### THE TASK
Restate every line of the material below word for word, skipping the images.

### DATA EXCERPTS

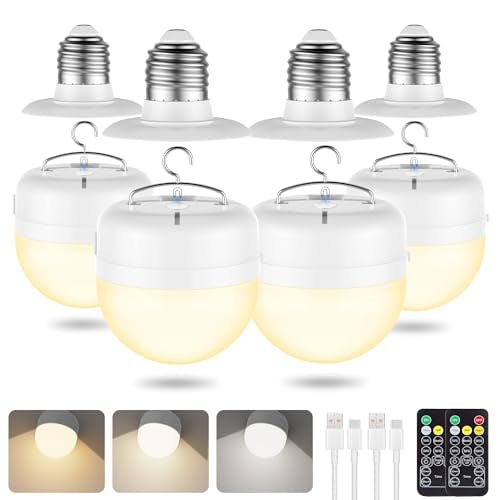Rechargeable Light Bulbs 4-Pack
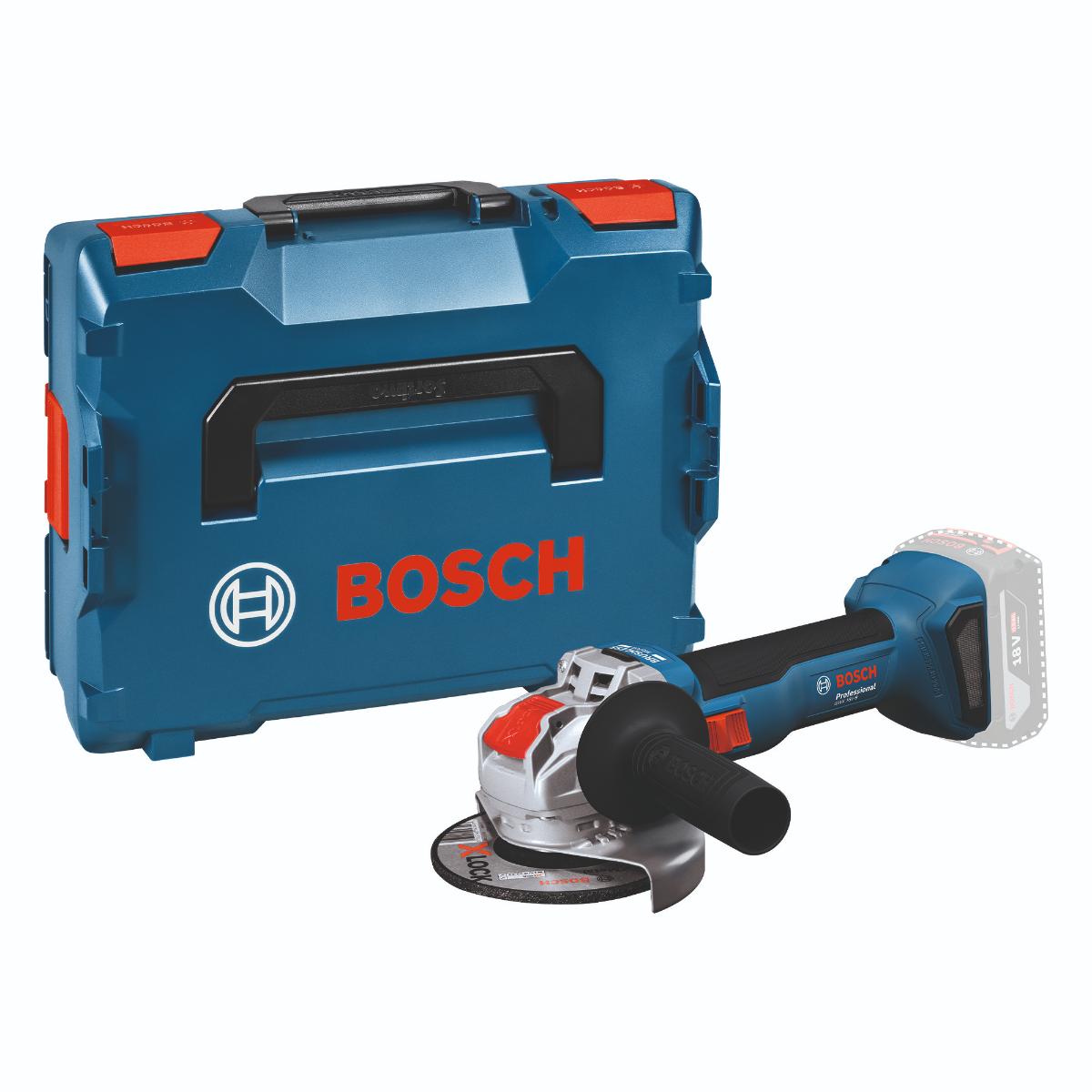 Bosch Akku Winkelschleifer mit X-LOCK GWX 18V-8 in L-BOXX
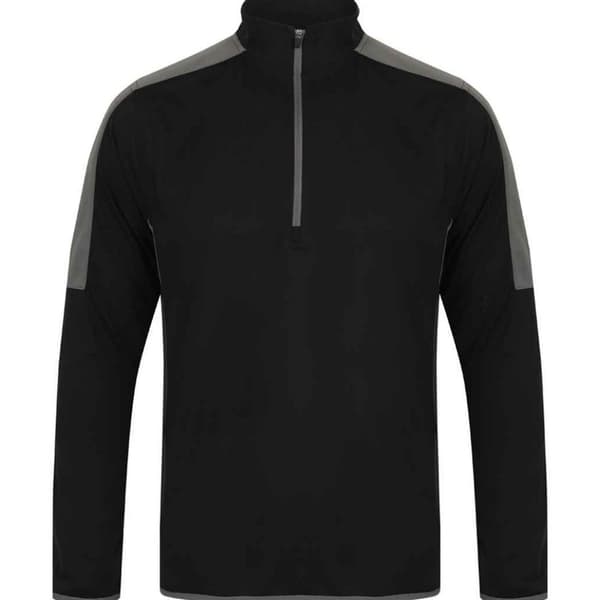 Finden & Hales Midlayer med kontrastfarvet lynlås i halsen til mænd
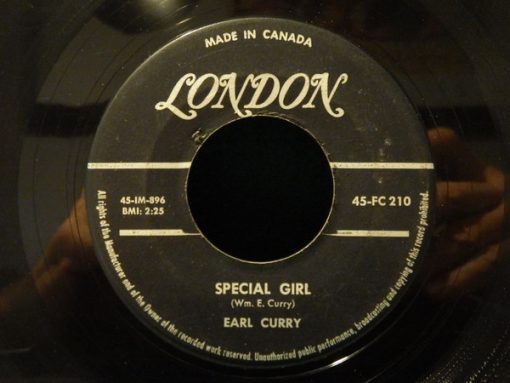 Earl Curry - Special Girl (7", Single) (Very Good Plus (VG+))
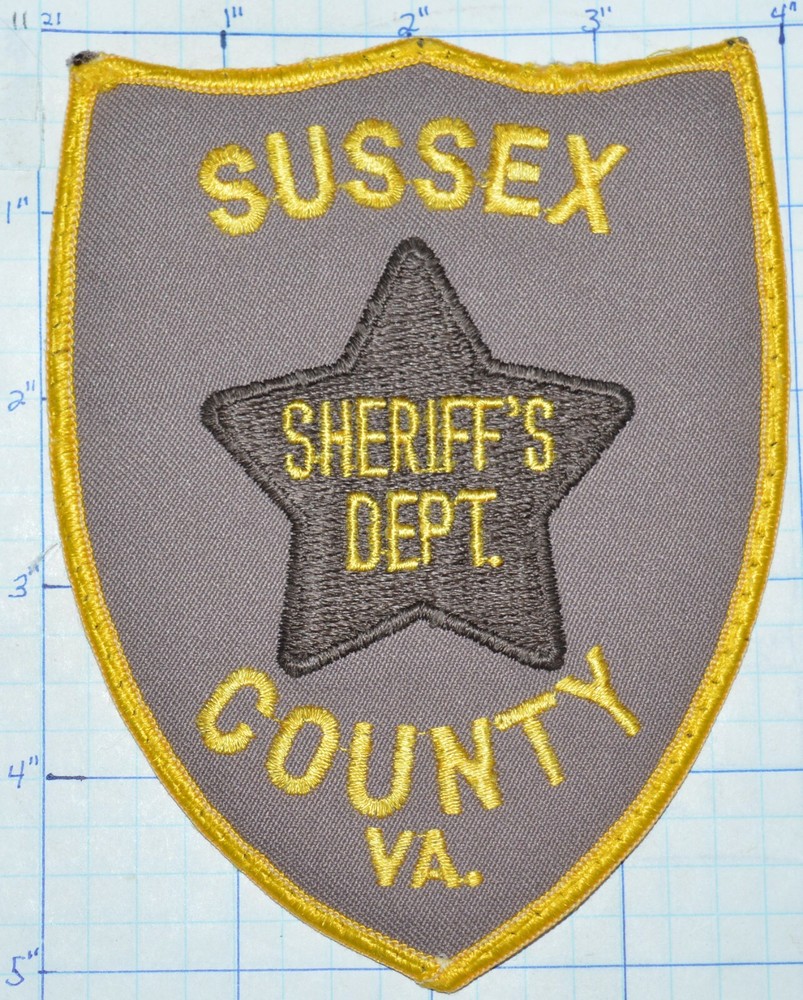 VIRGINIA, SUSSEX COUNTY SHERIFF'S DEPT PATCH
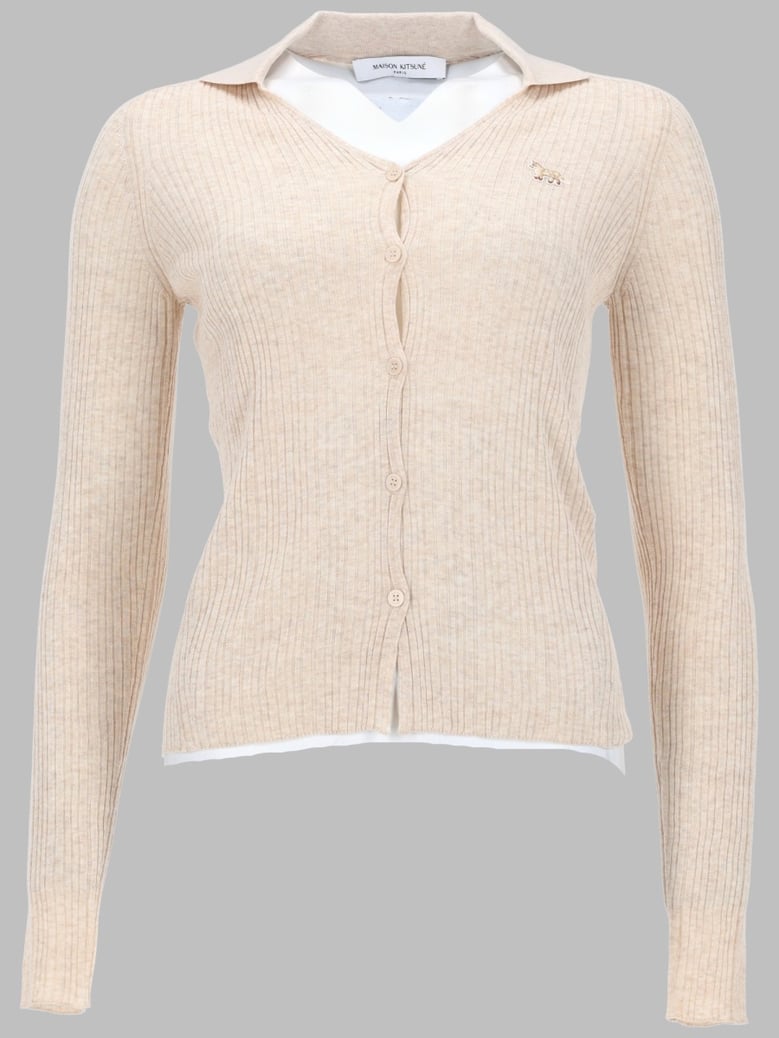 cardigan baby fit beige by Selfnex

### SOLUTION
Rechargeable Light Bulbs 4-Pack
 Bosch Akku Winkelschleifer mit X-LOCK GWX 18V-8 in L-BOXX
 Finden & Hales Midlayer med kontrastfarvet lynlås i halsen til mænd
 Earl Curry - Special Girl (7", Single) (Very Good Plus (VG+))
 VIRGINIA, SUSSEX COUNTY SHERIFF'S DEPT PATCH
 cardigan baby fit beige by Selfnex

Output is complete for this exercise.